В процессе глобализации культуры мира постепенно сближаются друг с другом. Втягиваясь в общий планетарный процесс, цивилизации нередко утрачивают те или иные элементы своей идентичности. Скажем, индийская цивилизация пронизана трепетным отношением к жизни. Индусы боятся невольно лишить жизни какого-нибудь жучка. Четверть века назад невозможно было представить, что в этой стране свершатся акты жестокого насилия и виновные получат смертные приговоры. С точки зрения глобализации, статус француза ничем не выше статуса чилийца. Однако с позиции культуры принадлежность именно к этой, а не другой нации имеет настолько существенное значение, что люди готовы умирать или убивать из-за неё. Парадокс заключается в том, что схождение культур в единое цивилизационное русло происходит не путём радостного слияния, а в результате спора цивилизаций.

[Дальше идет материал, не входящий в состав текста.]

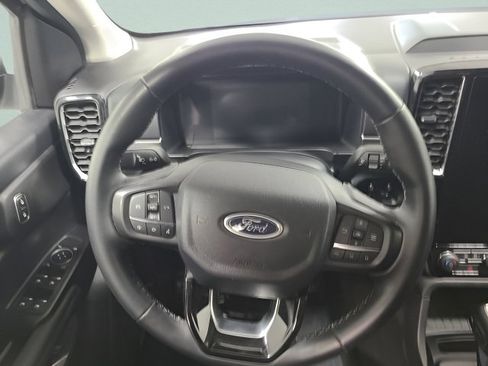 Used 2025 Ford Ranger XLT w/ Equipment Group 301A High AWD/4WD image 23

В процесс глобализации втянуты все страны. Но сегодня судьбы мира в значительной мере определяют лишь четыре культуры, имеющие мировой статус: евроатлантическая, китайская, мусульманская и индийская. С одной стороны, это особые культурные космосы, но, с другой стороны, они втянуты в процесс экономической глобализации. Несмотря на культурные и цивилизационные различия, доминирует унификация технологии. Однако глобализация охватывает не только экономику, но все сферы жизни общества. В этом контексте культура остаётся последним бастионом, который закрепляет и сохраняет различия отдельных цивилизаций. Поэтому особую актуальность приобретает вопрос о соотношении культуры и цивилизации.

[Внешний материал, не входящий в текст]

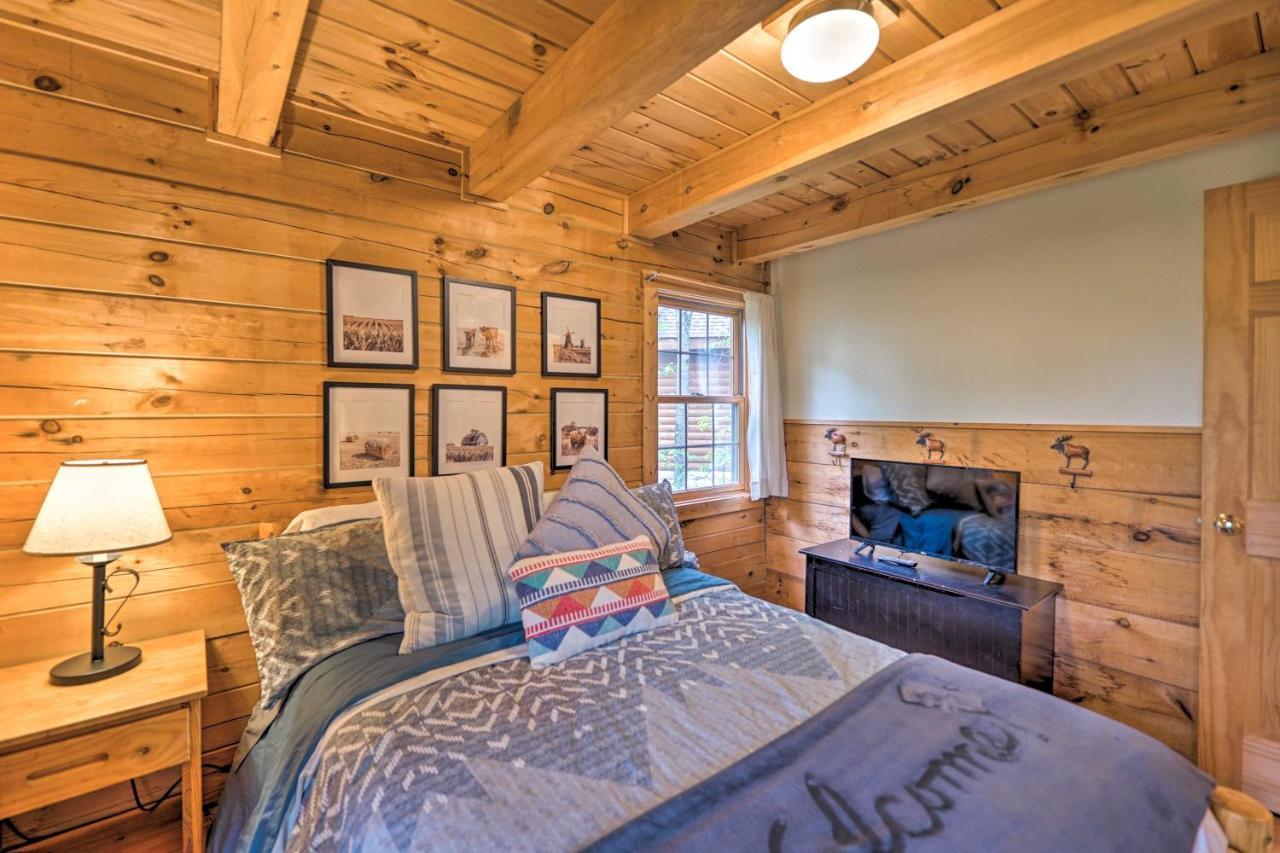 Cozy Retreat With Porch And Double Jj Resort Access! Rothbury Экстерьер фото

В этом вопросе, как мне кажется, тоже заметны значительные модификации. Латинский корень слова «культура» имеет подвижное содержание – от «культивировать» и «населять» до «боготворить» и «защищать». В первоначальном значении культура соотносилась с «воспитанностью», а затем в XVIII в. начала восприниматься как синоним «цивилизации». Это слово знаменует всеобщее интеллектуальное, духовное и материальное совершенствование. И вот мы опять можем проследить определённую подвижность понятий, без которой трудно обратиться к процессу глобализации. Во французском варианте цивилизация включала в себя политическую, экономическую и техническую реальность. А в немецком варианте она имеет обуженное значение – религиозное, художественное и интеллектуальное.

Вот какой парадокс – слово «цивилизация» сглаживает национальные различия, а «культура», наоборот, их акцентирует. И дело вовсе не в том, что в этом сопоставлении обнаруживается соперничество Франции и Германии. Уже в XIX в. синонимичность культуры и цивилизации утрачивается. Они оказываются противоположными по содержанию. И в этом зерно нынешних дискуссий. Мы можем употреблять слово «цивилизации» без оценочного подчёркивания. Мы говорим «цивилизация инков», «цивилизация Античности». Это может иметь описательный или нормативный смысл. Когда мы говорим «цивилизация», то имеем в виду тот образ жизни, который мы не только знаем, мы просто существуем в нём. Подразумевается, что такой образ жизни превосходит варварство.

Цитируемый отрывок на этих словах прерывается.